If you don't want to read about lies you seek the media outside the US!


----------



## pahapoika (Nov 5, 2006)

but at least now she can finally feel "proud" about this country.

the bennies are killer ! :shades_smile:


----------



## cc3915 (Mar 26, 2004)

*On the Vineyard, Obama fever is no longer raging*

VINEYARD HAVEN - When President Obama took his first trip to Martha's Vineyard after taking office, the excitement among locals here was palpable, from the signs of support strung across shop windows and front porches to a full-page newspaper ad taken out by 125 Vineyard grandmothers in support of his health care plan.
This week, with the jobless rate stuck above 9 percent and the president's nationwide approval rating at its lowest level, the Vineyard's broad allegiance shows cracks, leaving some islanders with a more textured, even tormented feeling about the president.
"I just have to say I feel really uncomfortable, because I love loving him,'' said Leslie Pearlson, a real estate broker on the island.

On the Vineyard, Obama fever is no longer raging - The Boston Globe


----------



## Guest (Aug 25, 2011)

cc3915 said:


> "I just have to say I feel really uncomfortable, because I love loving him,'' said Leslie Pearlson, a real estate broker on the island.


You ' love' loving him? What a complete and total douche you are.
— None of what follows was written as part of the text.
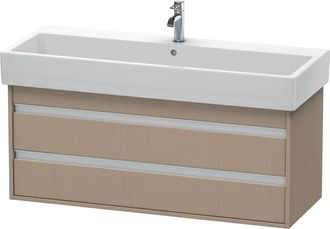 Duravit Mueble Bajo Lavabo Ketho 440x1150x410mm Lino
You probably take kool-aid enemas while you read huffington post on your titanium macbook.


----------



## kwflatbed (Dec 29, 2004)

She is nothing but a duchebag cunt that can well afford to pay for her own vacations.

Yes newspaper lurkers you can quote me.


----------



## Guest (Aug 25, 2011)

5-0 said:


> You ' love' loving him? What a complete and total douche you are. You probably take kool-aid enemas while you read huffington post on your titanium macbook.
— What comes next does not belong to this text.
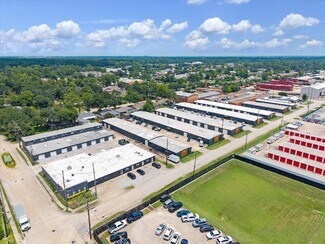 Plus de détails pour 10226 Georgibelle Dr, Houston, TX - Industriel à louer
It's reached the point that Obama supporters are now like perpetually abused domestic violence victims......they "love" their abuser, in the face of monumental and overwhelming evidence they should kick them to the curb.


----------



## Guest (Aug 25, 2011)

I had to go watch 'Gipper' videos on YouTube before this thread made my head explode.


----------



## Guest (Aug 25, 2011)

5-0 said:


> I had to go watch 'Gipper' videos on YouTube before this thread made my head explode.


This may help;

President Reagan's Address to the Nation on U.S. Air Strike against Libya - 4/14/86 - YouTube


----------



## Pvt. Cowboy (Jan 26, 2005)

That's how a REAL president acts. I hope your right Delta, that this FOOL of a president we have now gets 86'd at the next election. He's an embarrassment.


----------



## CJIS (Mar 12, 2005)

Sad part is neither her nor her husband feel any guilt about spending our money for their selfish vacation.
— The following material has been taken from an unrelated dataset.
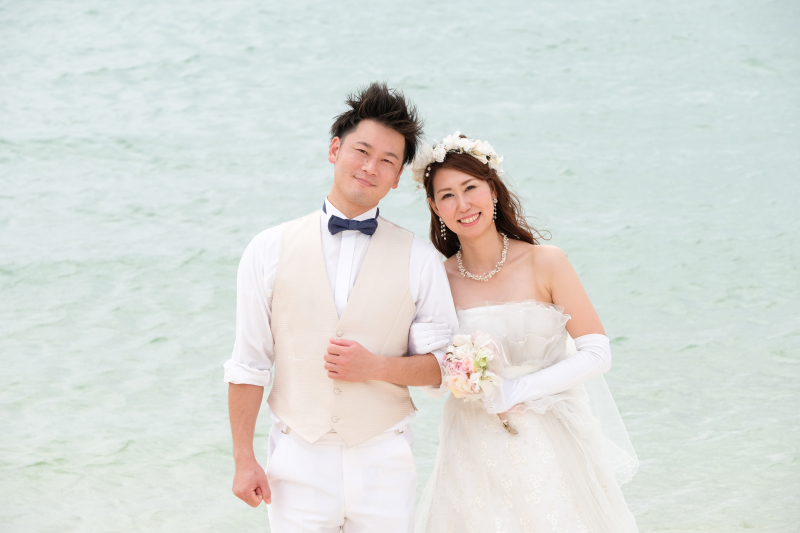 二人寄り添って・・♡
I just don't get it. If I have a "day off" and I choose to do a road job detail, I am a bad guy for supposedly wasting taxpayer money (which by the way is being payed by the contractor unless the municipality requests the detail) Meanwhile I show up to the detail direct traffic, perhaps issue a citation, and perform a necessary function to ensure safety of a site. 

On the other hand the Obama can take several days off, do no work, and really waste tax payer money. However unlike me, little to no attention is paid too how much he has wasted but instead that his daughter was happy he took her to the beach.

I can understand the need to take a break once and a great while but this guy does it constantly and it is not cheap!!!!


Makes me want to puke.


----------